Source records »
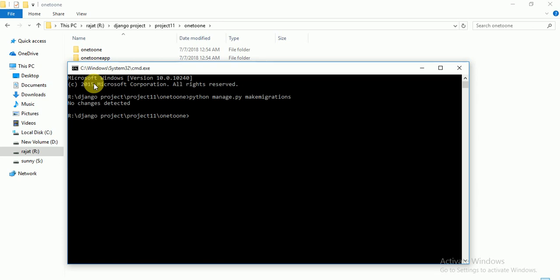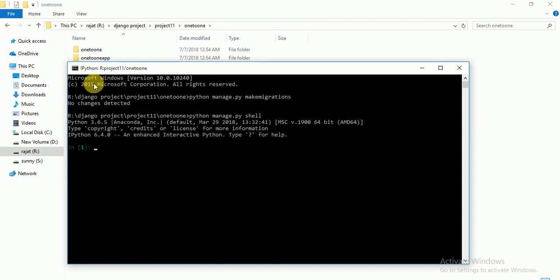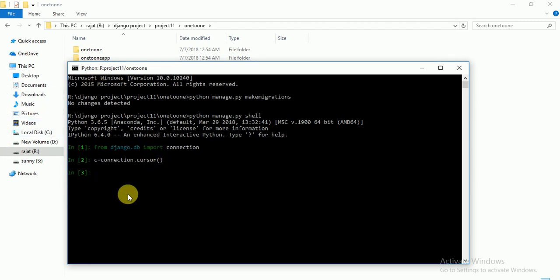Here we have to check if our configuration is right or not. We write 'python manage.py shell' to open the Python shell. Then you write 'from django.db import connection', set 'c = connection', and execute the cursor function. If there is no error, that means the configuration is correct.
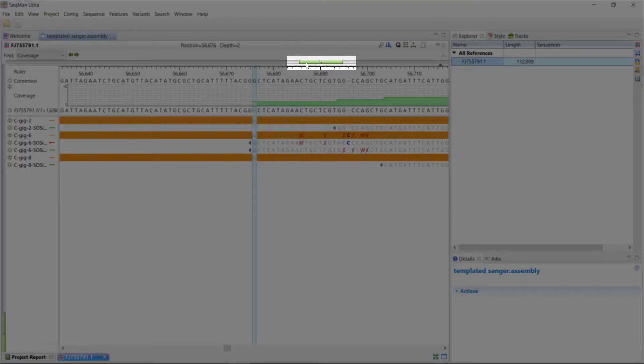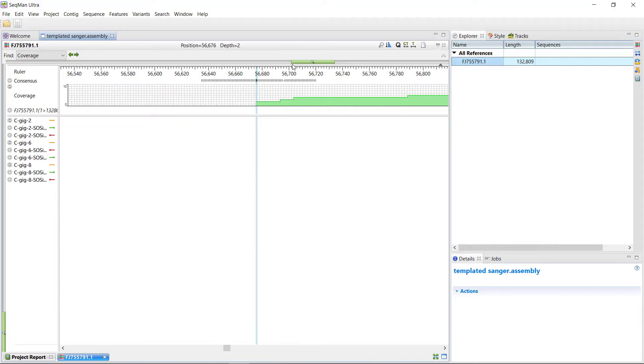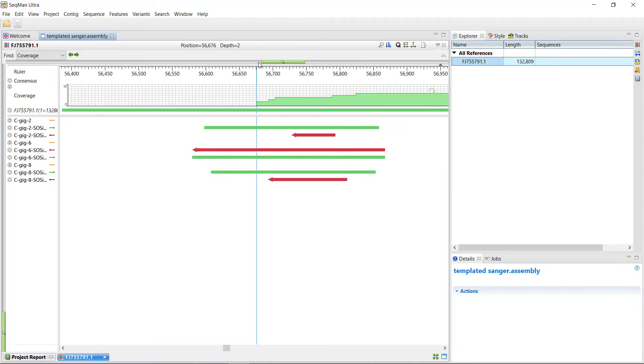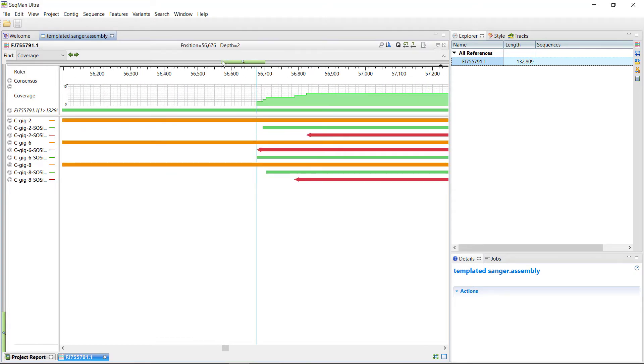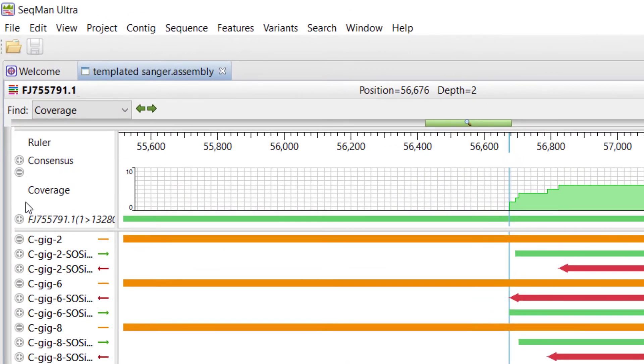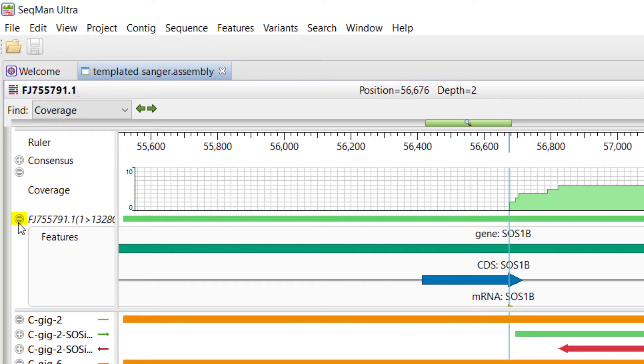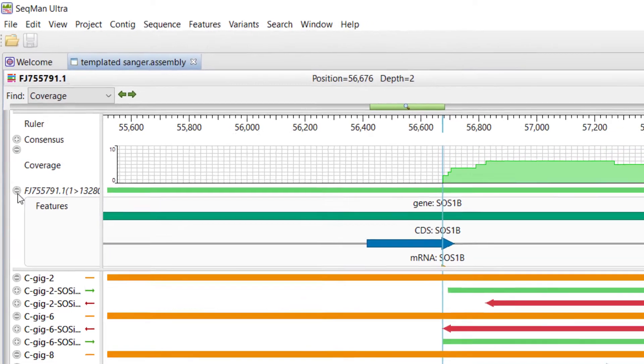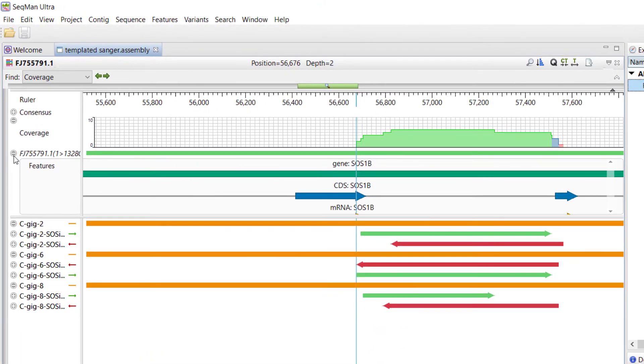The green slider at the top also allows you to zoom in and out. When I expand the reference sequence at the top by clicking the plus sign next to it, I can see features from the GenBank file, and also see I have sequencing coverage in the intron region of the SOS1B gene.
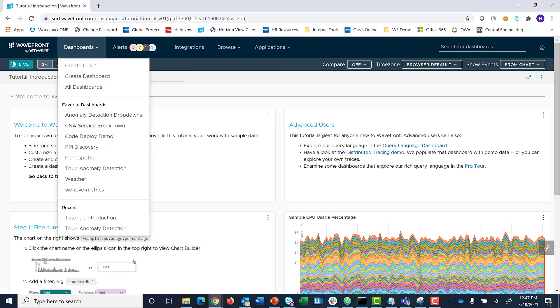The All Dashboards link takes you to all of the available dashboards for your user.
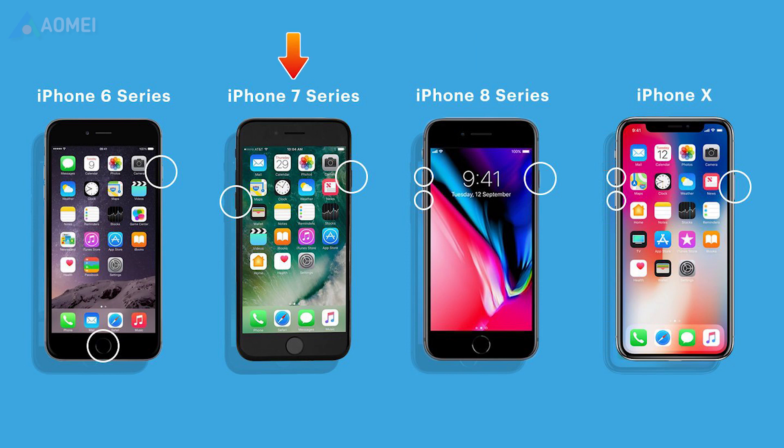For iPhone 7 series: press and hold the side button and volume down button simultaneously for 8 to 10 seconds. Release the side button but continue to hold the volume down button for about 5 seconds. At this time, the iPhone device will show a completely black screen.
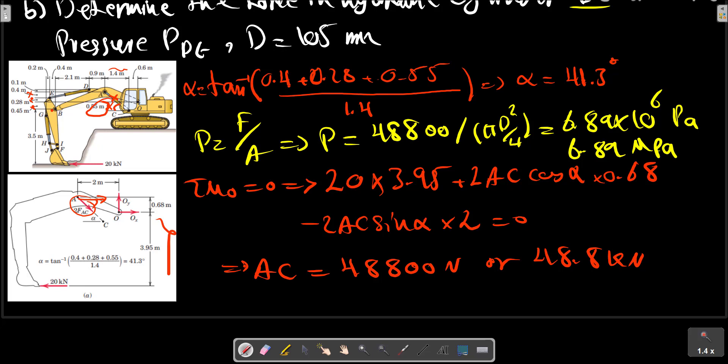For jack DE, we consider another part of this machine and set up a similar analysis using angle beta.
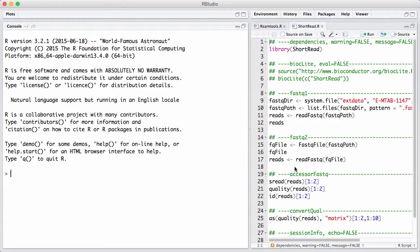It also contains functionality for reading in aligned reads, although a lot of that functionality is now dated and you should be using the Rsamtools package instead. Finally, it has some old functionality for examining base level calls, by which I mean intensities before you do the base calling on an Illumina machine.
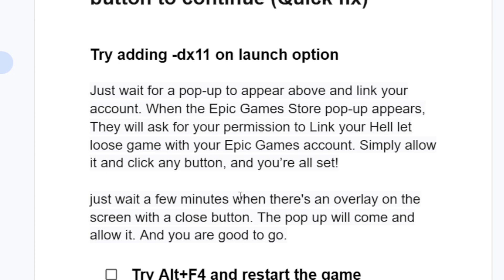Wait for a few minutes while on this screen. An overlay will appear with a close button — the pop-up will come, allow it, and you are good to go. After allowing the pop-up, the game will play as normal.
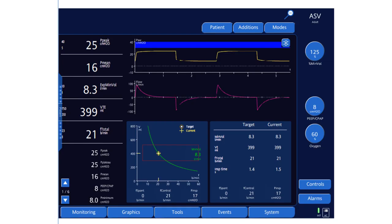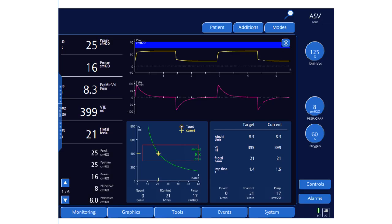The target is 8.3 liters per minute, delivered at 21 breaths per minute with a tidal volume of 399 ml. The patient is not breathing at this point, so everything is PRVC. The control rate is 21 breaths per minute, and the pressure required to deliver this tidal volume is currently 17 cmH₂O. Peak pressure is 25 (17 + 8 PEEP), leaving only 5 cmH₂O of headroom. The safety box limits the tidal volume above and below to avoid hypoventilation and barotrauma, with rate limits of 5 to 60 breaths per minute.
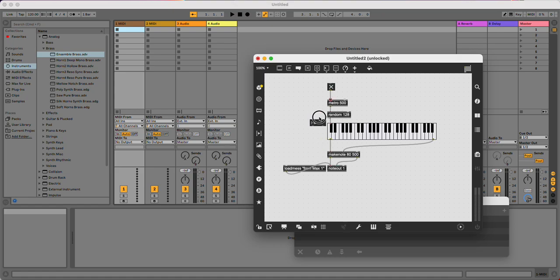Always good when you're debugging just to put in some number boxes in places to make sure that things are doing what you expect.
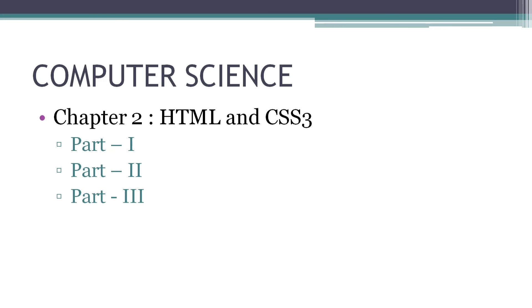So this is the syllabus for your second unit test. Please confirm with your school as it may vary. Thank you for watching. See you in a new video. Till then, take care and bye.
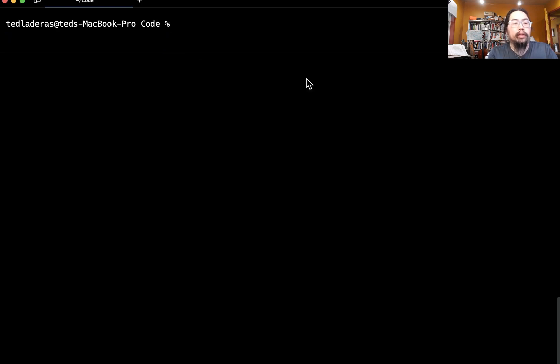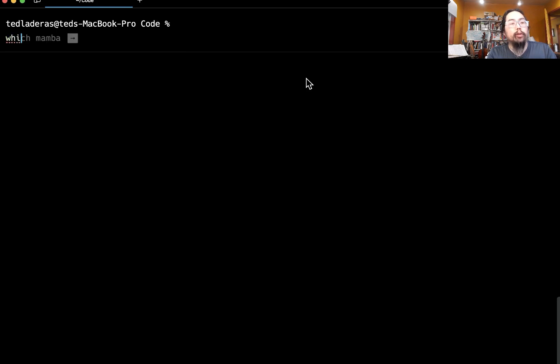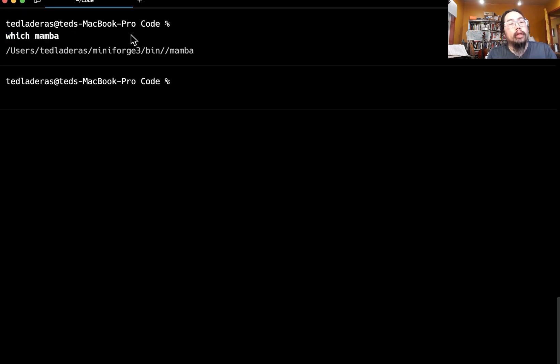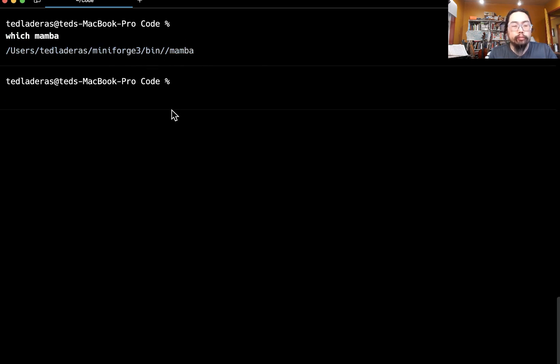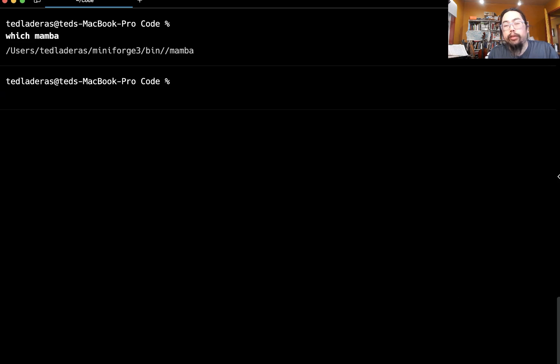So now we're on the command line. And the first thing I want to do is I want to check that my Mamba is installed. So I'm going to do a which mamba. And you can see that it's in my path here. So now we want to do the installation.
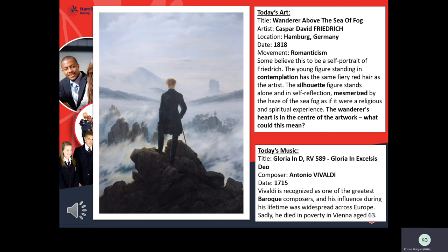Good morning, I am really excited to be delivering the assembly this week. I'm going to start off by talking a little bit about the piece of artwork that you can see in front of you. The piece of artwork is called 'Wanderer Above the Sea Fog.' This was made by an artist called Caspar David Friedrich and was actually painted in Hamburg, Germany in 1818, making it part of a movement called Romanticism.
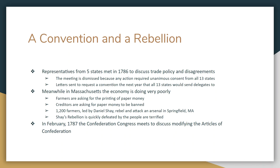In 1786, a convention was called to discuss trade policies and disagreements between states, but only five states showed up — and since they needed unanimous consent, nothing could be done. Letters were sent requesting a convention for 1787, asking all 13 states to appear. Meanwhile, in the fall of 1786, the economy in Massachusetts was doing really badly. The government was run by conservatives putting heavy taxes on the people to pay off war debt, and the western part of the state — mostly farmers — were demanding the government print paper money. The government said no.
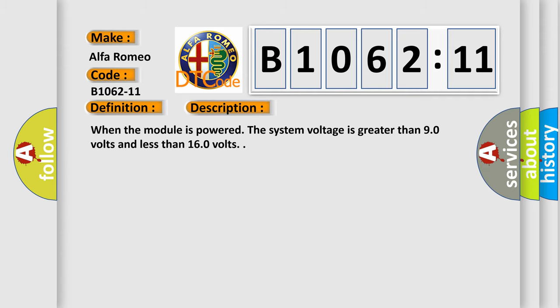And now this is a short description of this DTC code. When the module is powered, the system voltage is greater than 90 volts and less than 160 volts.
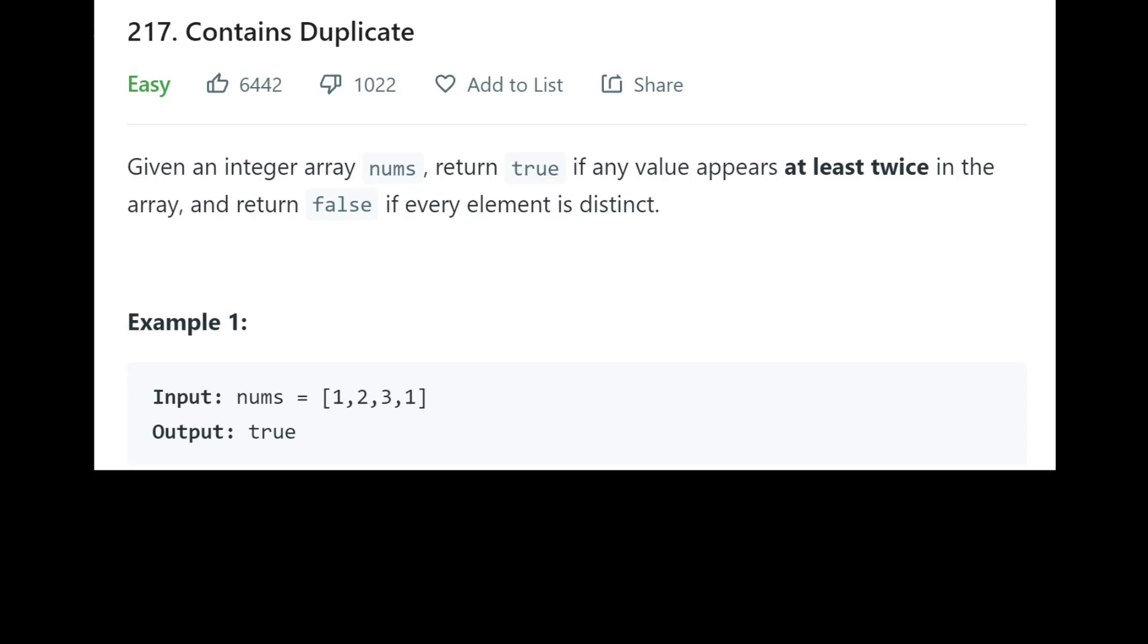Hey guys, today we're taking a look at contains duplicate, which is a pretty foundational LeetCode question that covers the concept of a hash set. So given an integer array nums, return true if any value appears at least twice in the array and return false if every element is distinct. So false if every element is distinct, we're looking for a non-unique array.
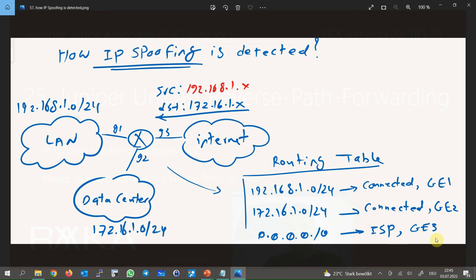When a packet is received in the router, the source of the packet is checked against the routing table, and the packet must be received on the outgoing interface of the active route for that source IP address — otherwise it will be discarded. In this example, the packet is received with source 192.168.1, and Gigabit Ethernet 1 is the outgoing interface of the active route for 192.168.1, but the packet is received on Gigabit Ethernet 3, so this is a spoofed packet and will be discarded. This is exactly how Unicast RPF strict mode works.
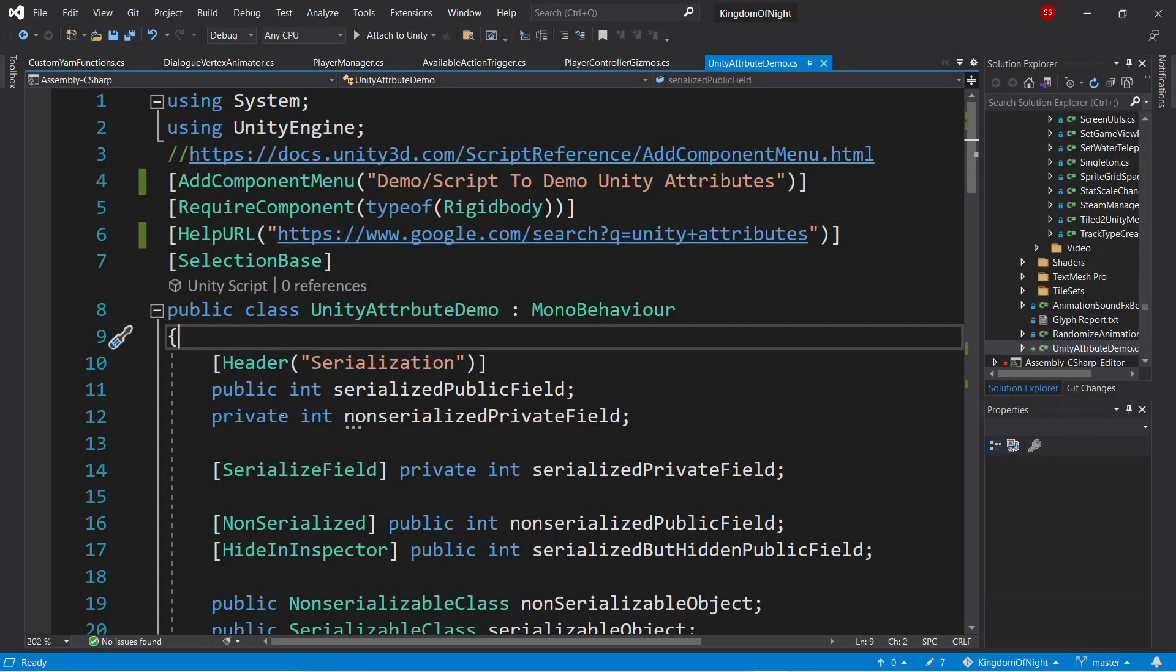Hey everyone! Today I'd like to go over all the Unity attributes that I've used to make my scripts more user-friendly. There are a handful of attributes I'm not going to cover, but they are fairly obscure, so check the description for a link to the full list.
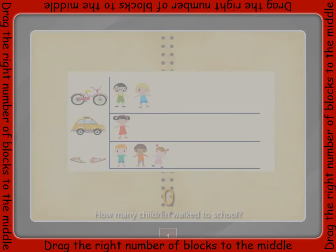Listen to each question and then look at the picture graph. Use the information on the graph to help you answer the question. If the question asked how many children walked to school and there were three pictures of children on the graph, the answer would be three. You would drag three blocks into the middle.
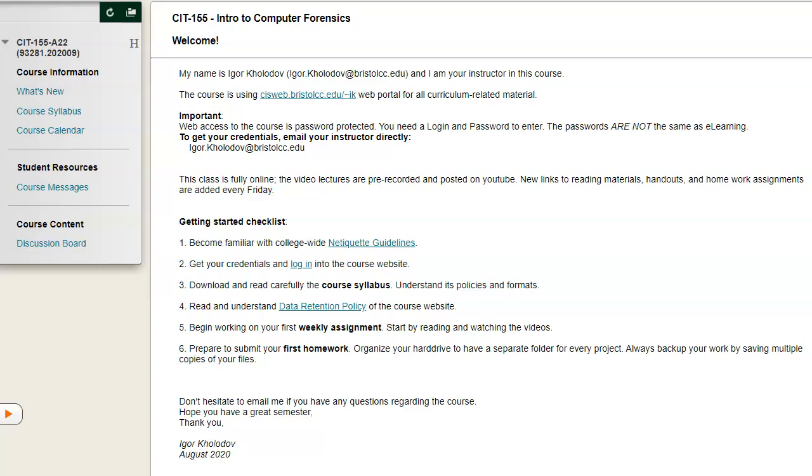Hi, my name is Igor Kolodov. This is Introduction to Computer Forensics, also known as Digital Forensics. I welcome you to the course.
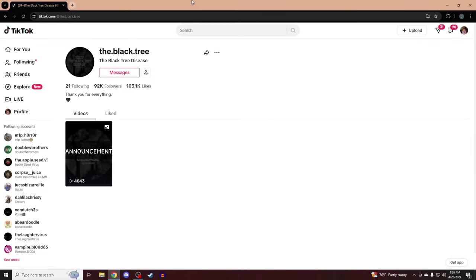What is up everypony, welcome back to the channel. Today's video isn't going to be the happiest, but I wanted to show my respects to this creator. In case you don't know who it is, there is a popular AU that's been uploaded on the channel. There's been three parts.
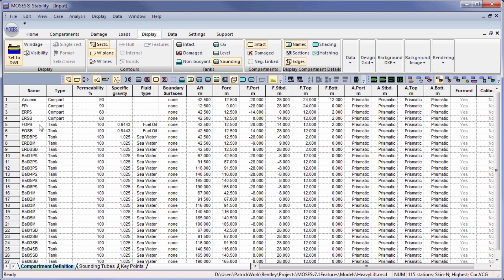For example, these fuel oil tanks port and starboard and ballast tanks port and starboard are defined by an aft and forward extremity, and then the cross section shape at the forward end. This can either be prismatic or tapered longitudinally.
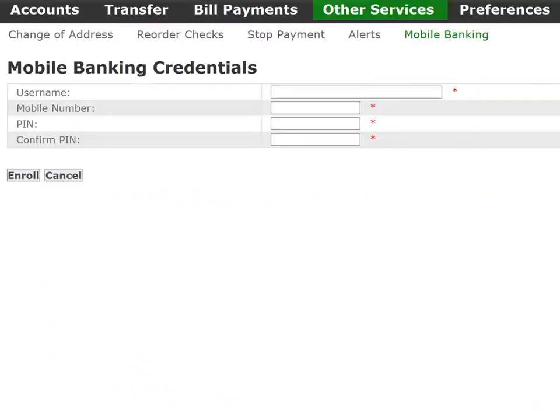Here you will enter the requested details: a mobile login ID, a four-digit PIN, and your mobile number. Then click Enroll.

Aim of the exercise » Copy nothing but the lines above that run from the one with "Always good when" to the one with "So now we're", ends included; pictures stay out.

Exercise response »
Always good when you're debugging just to put in some number boxes in places to make sure that things are doing what you expect.
So this is the syllabus for your second unit test. Please confirm with your school as it may vary. Thank you for watching. See you in a new video. Till then, take care and bye.
So now we're on the command line. And the first thing I want to do is I want to check that my Mamba is installed. So I'm going to do a which mamba. And you can see that it's in my path here. So now we want to do the installation.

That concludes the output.